“Oh!” she answered with sarcasm, “I suppose you are looking for the boy. You will not find him, I’m afraid, on the King’s highroad!”
“I was not looking for him,” he answered churlishly.
“More shame to you!” Mrs. Gilson cried, with a spark in her eye. “More shame to you! For you should be!”
He flamed up at that, after the passionate manner of such men when roused. He stopped and faced her, trembling a little.

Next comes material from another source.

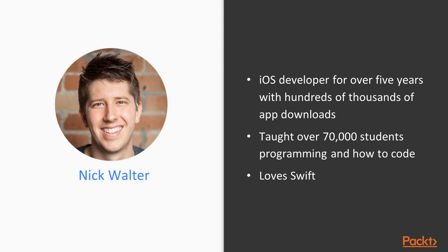I've also been teaching for quite a bit. I've taught over 70,000 students how to code and I love Swift. Swift is the new programming language from Apple. I can't necessarily say it's too new now - it's been out for about four years.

“And to whom is it a shame,” he cried, “that wicked, foul injustice is done? To whom is it a shame that the innocent are sent to herd with the guilty? To whom is it a shame—woman!—that when there is good, clear evidence put before their eyes, it is not read? Nor used? The boy?” vehemently, “the boy? Is he the only one to be considered, and sought and saved? Is his case worse than hers? I too say shame!”
Mrs. Gilson stared. “Lord save the man!” she cried, as much astonished as if a sheep had turned on her, “with his shames and his whoms! He’s as full of words as a Wensleydale of mites! I don’t know what you are in the pulpit, your reverence, but on foot and in the road, Mr. Brougham was naught to you!”
“He’d not the reason,” the chaplain answered bitterly. And brought down by her remark—for his passion was of the shortest—he turned, and was moving away, morose and despondent, when the landlady called after him a second time, but in a more friendly tone. Perhaps curiosity, perhaps some new perception of the man moved her.
“See here, your reverence,” she said. “If you’ve a mind to show me this fine evidence of yours, I’m not for saying I’ll not read it. Lord knows it’s ill work going about like a hen with an egg she can’t lay. So if you’ve a mind to get it off your mind, I’ll send for my glasses, and be done with it.”
“Will you?” he replied, his face flushing with the hope of making a convert. “Will you? Then there, ma’am, there it is! It’s the letter that villain sent to her to draw her to meet him that night. If you can’t see from that what terms they were on, and that she had no choice but to meet him, I—but read it! Read it!”
She called for her glasses and having placed them on her nose, set the nose at such an angle that she could look down it at the page. This was Mrs. Gilson’s habit when about to read. But when all was arranged her face fell. “Oh dear!” she said, “it’s all bits and scraps, like a broken curd! Lord save the man, I can’t read this. I canna make top nor tail of it! Here, let me take it inside. Truth is, I’m no scholar in the open air.”